From ancient times to the first mortality statistics related to build published in the United States in 1903, abnormal build (both under and overweight) has been recognized as a contributor to a higher death rate. Whereas when communicable disease such as tuberculosis and chronic fungal infections showed underweight to be a significant predictor of earlier mortality, later in the century overweight was recognized as a contributor to earlier mortality as well. Subsequent studies began to link conditions such as diabetes, hypertension, vascular disease and heart disease to obesity, and a better grasp of excess weight was added to the overall concept of impaired health.
The first set of insurance tables on ideal height and weight were published by Metropolitan Life, first in 1942 and then revised in 1959 to a “desirable weight table.” Eventually the tables evolved by the 1980s to height and weight measurements stratified to small, medium and large build. The definition of who was which build was quite arbitrary, and anyone approaching the upper limits of the table or beyond were quite naturally “large build” or “big boned.” Looking retrospectively at the tables, designed to express which range of weight for a particular height afforded the greatest longevity, the ranges are by today’s standards quite slim, and a significant percentage of adults (particularly middle aged and older males) would overwhelmingly qualify as outside the desired build.
Rather than using height and weight on their own, most physicians have turned to a calculation called a body mass index (BMI). It is measured as weight/height squared where weight is measured in kilograms (most of the world is on the metric system) and height in meters. The BMI is used by the World Health Organization as the basis for calculation of build. When using build as an underwriting measure however, most underwriting tables in the United States still are calibrated for height and weight.
Most insurers publish (or at least allow agents to be aware of) maximum weight for height that would fall into a standard category, and many also allow knowledge of which builds qualify for preferred or best class rates. Significant overweight has been widely shown to correlate with increased mortality, as has significant underweight. The gray zones really are where build combines with other health impairments. For instance, in type 2 diabetes significant overweight not only has its own health impairment consequences but the diabetes is additive to the risk rather than independent. Sometimes the diabetes itself is worsened by the increased weight. Other conditions including but not limited to cardiovascular disease, high blood pressure, stroke, fatty liver, gallstones, sleep apnea and certain cancers are related to increased body weight either by cause or effect.

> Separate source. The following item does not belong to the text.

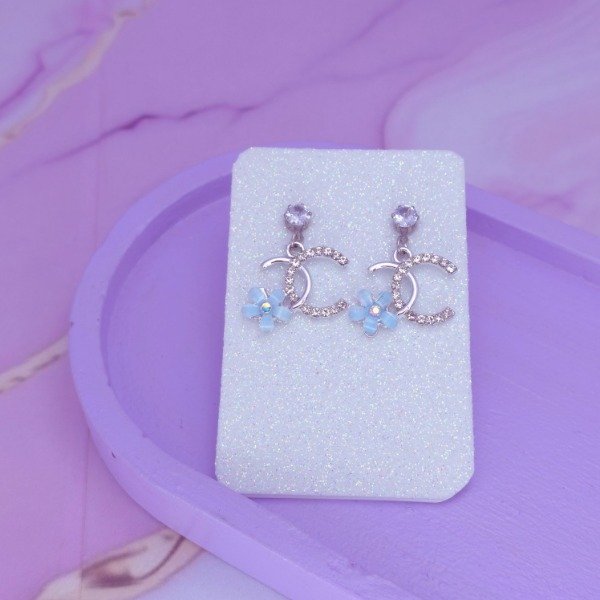 Producto - Aros pasante Chanel flor celeste AQ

When build is the only ratable factor in an underwriting application, there are credits which may lessen the effect of any rating imposed. With favorable blood pressure, normal cholesterol values, a negative treadmill test, good blood sugars and other testing showing a normal cardiovascular system, higher build may qualify for standard and even best class consideration. However the bets are off when there is coincident diabetes, abnormal blood pressure, known heart disease or kidney impairment as just a few examples, and the debits imposed may not only be a sum of rating debits but in certain cases worse—where each contributor makes the next problem even more significant. One other significant factor to mention is smoking, which severely worsens the consequences of abnormal build (both underweight and overweight) and may add up to more than just the sum of the parts. On the opposite end of the spectrum, underweight may be a marker for disease, and unexplained recent weight loss and underweight may be associated (particularly in the elderly) with cancer or other significant and as yet undiagnosed disease.
Abnormal build on either end of the table is often a subject of debate by broker, agent and insurer, as “only a couple of pounds” may influence premium significantly—particularly when considering better than standard rates. While insurers often bend over backwards to keep that from making or breaking a policy, rest assured that the published limits are very liberal, and what falls into standard category is very often considered as overweight by the lay public or the client himself. A good percentage of preferred policies are issued to applicants who would not be considered “trim.” Likewise when adverse action is taken on underweight it would be noticeable to most people as not the norm. Remember also that build has less consequence in the absence of other disease and more significance when it is contributory or caused by another condition which has added mortality in and of itself.